#### What needs to be done
The reply should hold only the lines from the one with "This carbonated soft" to the one with "Humanitarian aid /", both ends kept, exactly as they appear below, without any pictures.
[Opening Provided data section]
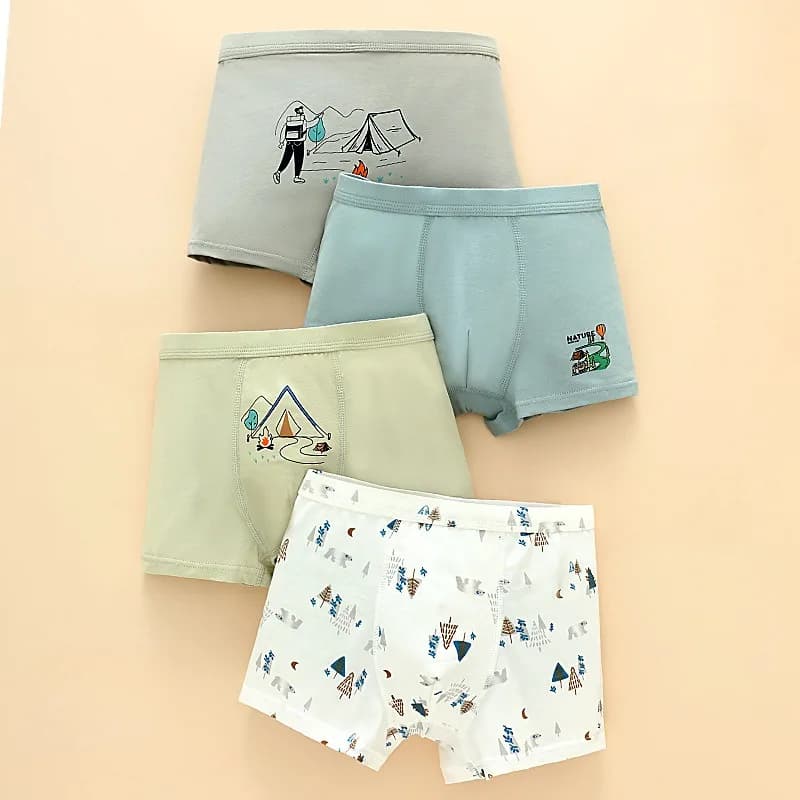 4PCS Kid Cotton Antibacterial Panties for Boy Thin Soft Breathable Knickers Baby Cartoon Print Briefs 3+y Young Child Underwears
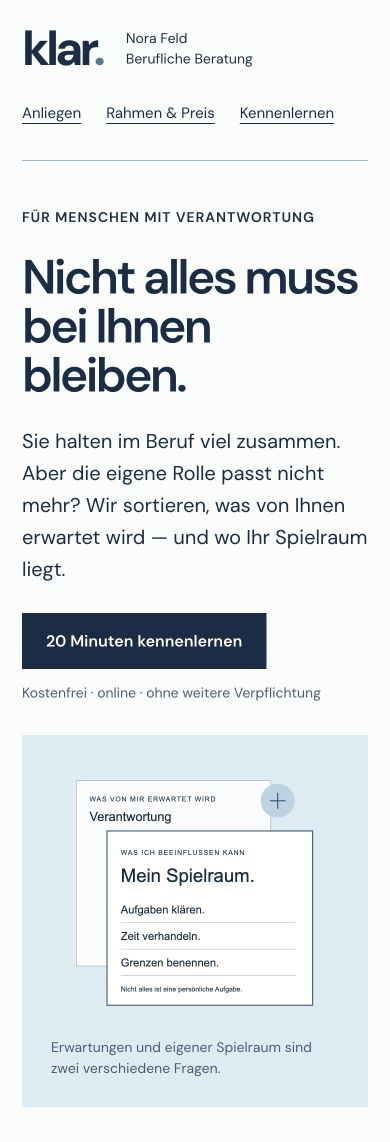 Eigenständig aufgenommene Mobilansicht der Website von klar.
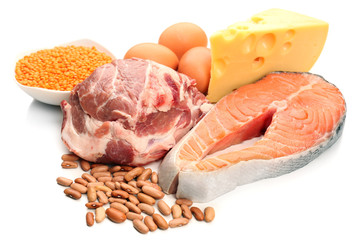 Food high in protein isolated on white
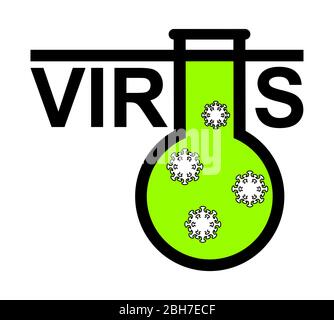 The word virus with a stylized letter u, in the form of a flask with viruses, coronavirus, 2019-nCov, covid-19. Modern flat vector image for article, Stock Vector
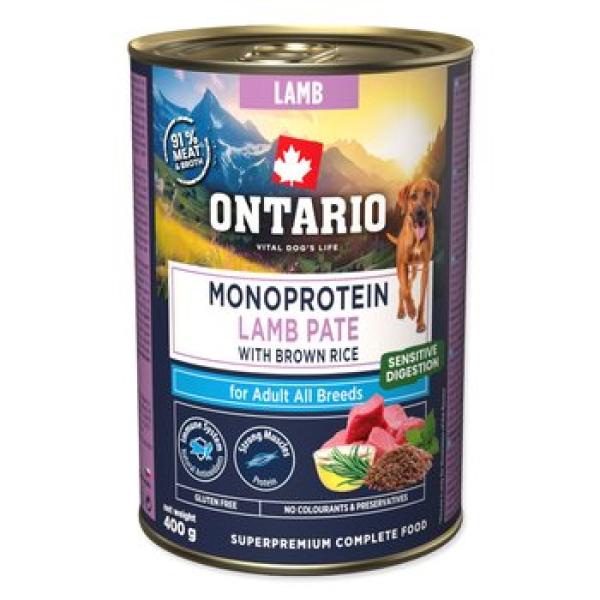 Konzerva Ontario Adult monoprotein jehněčí paté s hnědou rýží 400g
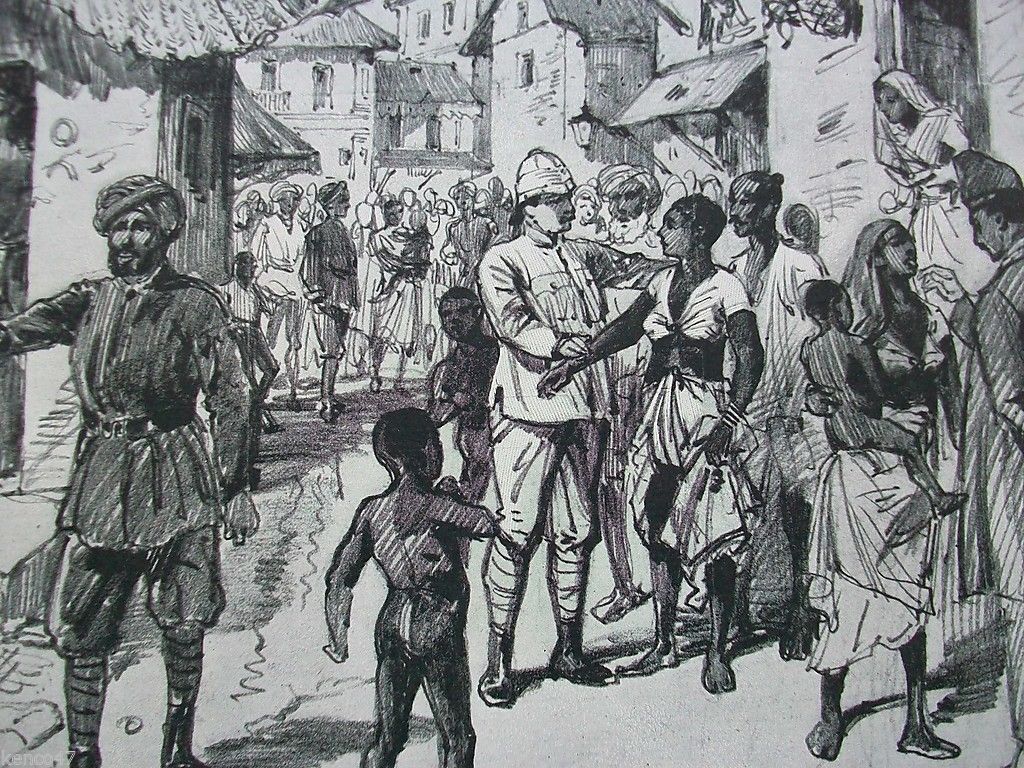 A scene from the Illustrated London News showing colonial administrators forcibly taking suspected plague patients to hospital. A scene from the Illustrated London News showing colonial administrators forcibly taking suspected plague patients to hospital.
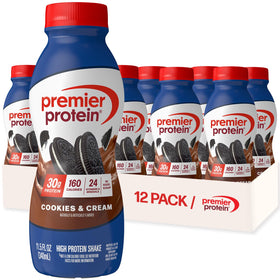 Premier Protein Cookies & Cream bottle ready for on-the-go fueling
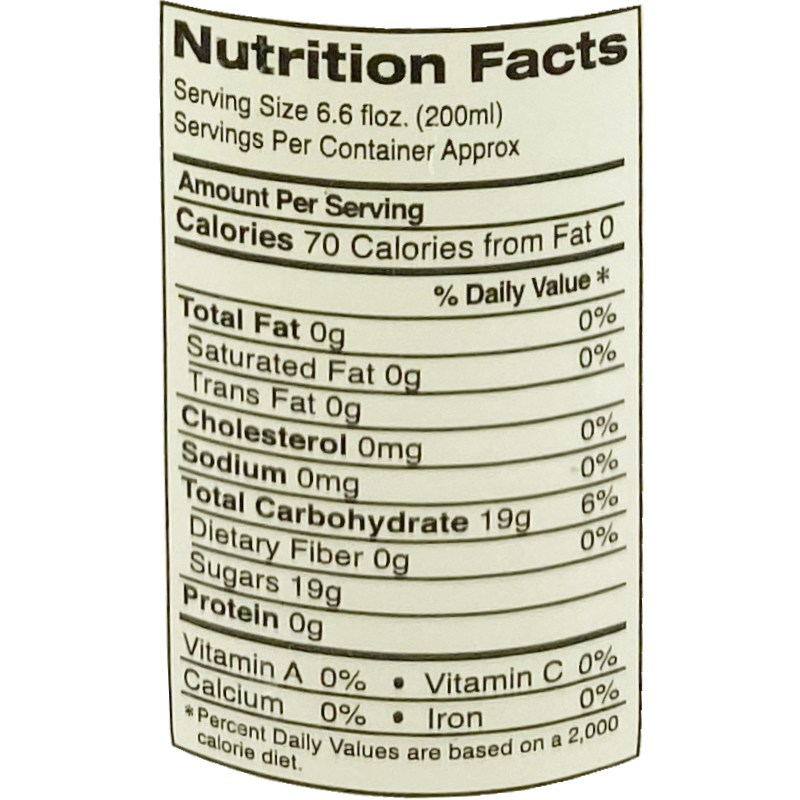 This carbonated soft drink contains 70 calories per 6.6 fl oz (200 ml) serving. It has 0g of total fat, 0mg of cholesterol, 0mg of sodium, 19g of total carbohydrates, 0g of dietary fiber, and 19g of sugars. Additionally, it provides 0g of protein.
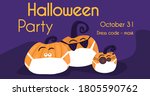 
Halloween party ad banner, holiday pumpkins in medical masks from coronavirus during quarantine, vector illustration in flat style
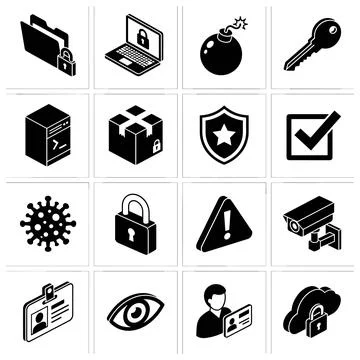 Black cybersecurity icon set featuring lock, shield, key, virus, and cloud .. Stock Illustration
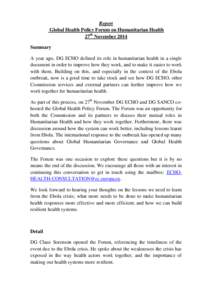 Humanitarian aid / Global health / ECHO / Directorate-General for Health and Consumers / European Union / World Health Organization / Emergency management / Ebola virus disease / Psychological resilience / United Nations / Health / Medicine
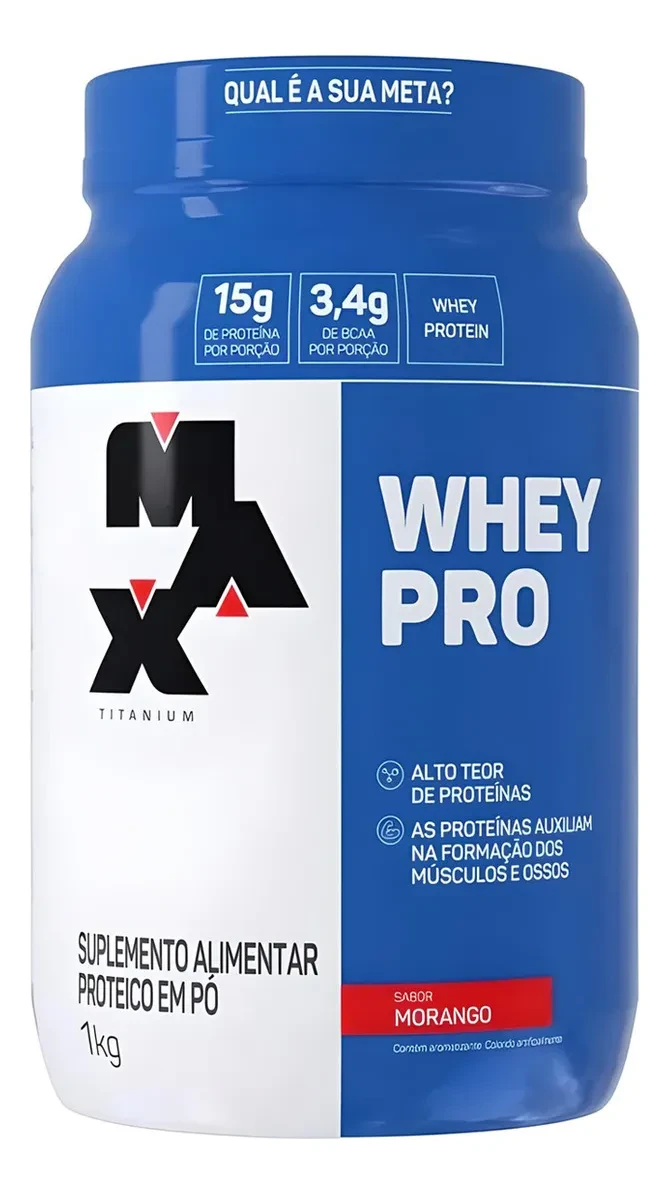 Whey Protein Max Titanium Morango 1kg: Desconto e Frete Grátis! Compre Original Whey Protein Max Titanium Morango - Whey Protein Max Titanium Morango 1kg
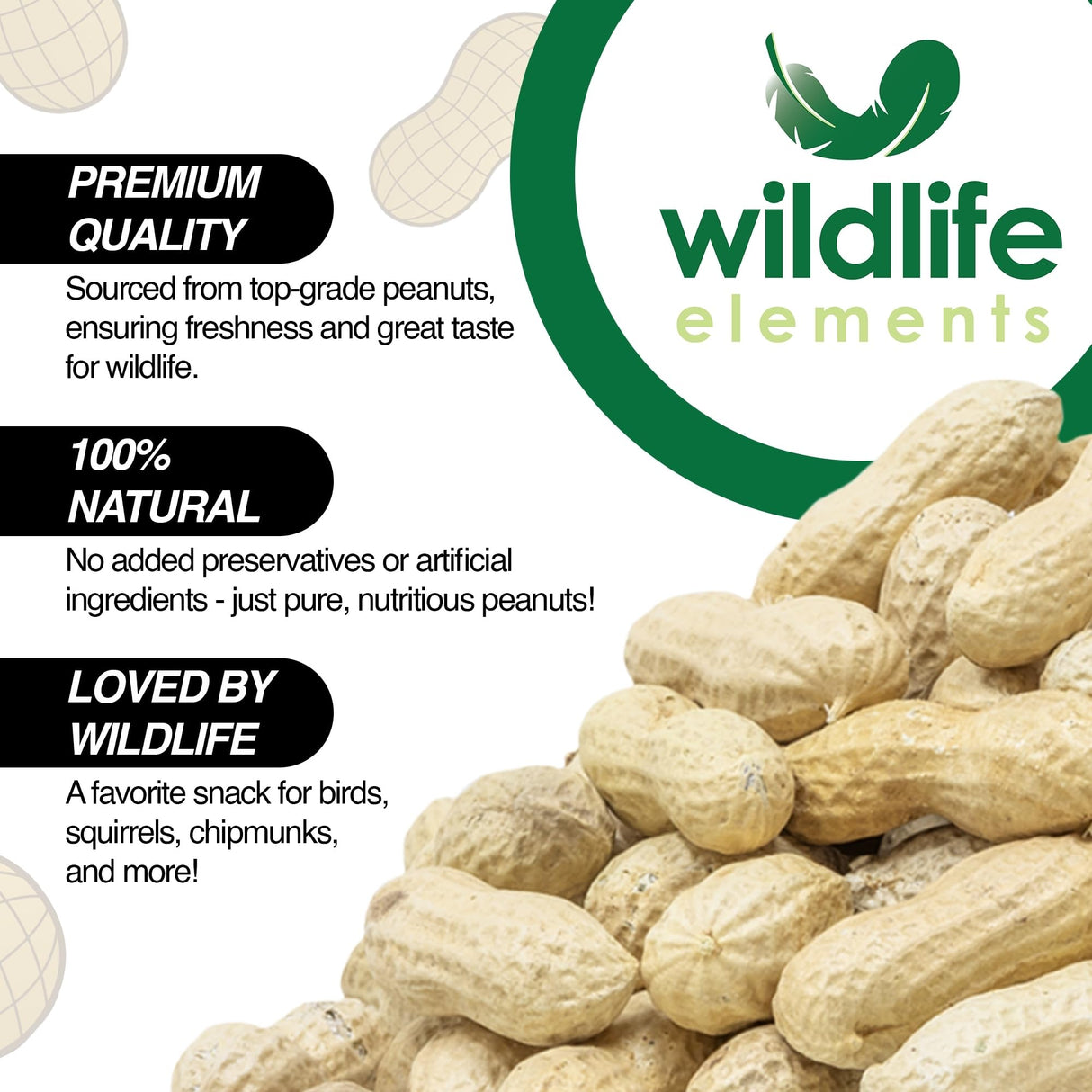 Wildlife Elements Peanut Party Unprocessed, Raw in-Shell Peanuts Wildlife Animal Food, 10lb - Rich in Protein, Healthy Fats, and Essential Nutrients for Birds, Squirrels and Waterfowl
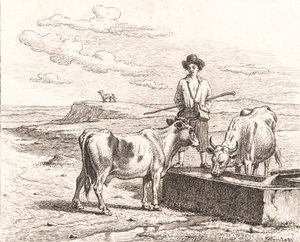 Un pastor junto a un abrevadero. Ilustración para Chr. Winther "Veinticinco Imágenes para Niños Pequeños" de Martinus Rørbye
[Closing Provided data section]
#### Exercise result
 This carbonated soft drink contains 70 calories per 6.6 fl oz (200 ml) serving. It has 0g of total fat, 0mg of cholesterol, 0mg of sodium, 19g of total carbohydrates, 0g of dietary fiber, and 19g of sugars. Additionally, it provides 0g of protein.
Halloween party ad banner, holiday pumpkins in medical masks from coronavirus during quarantine, vector illustration in flat style
 Black cybersecurity icon set featuring lock, shield, key, virus, and cloud .. Stock Illustration
 Humanitarian aid / Global health / ECHO / Directorate-General for Health and Consumers / European Union / World Health Organization / Emergency management / Ebola virus disease / Psychological resilience / United Nations / Health / Medicine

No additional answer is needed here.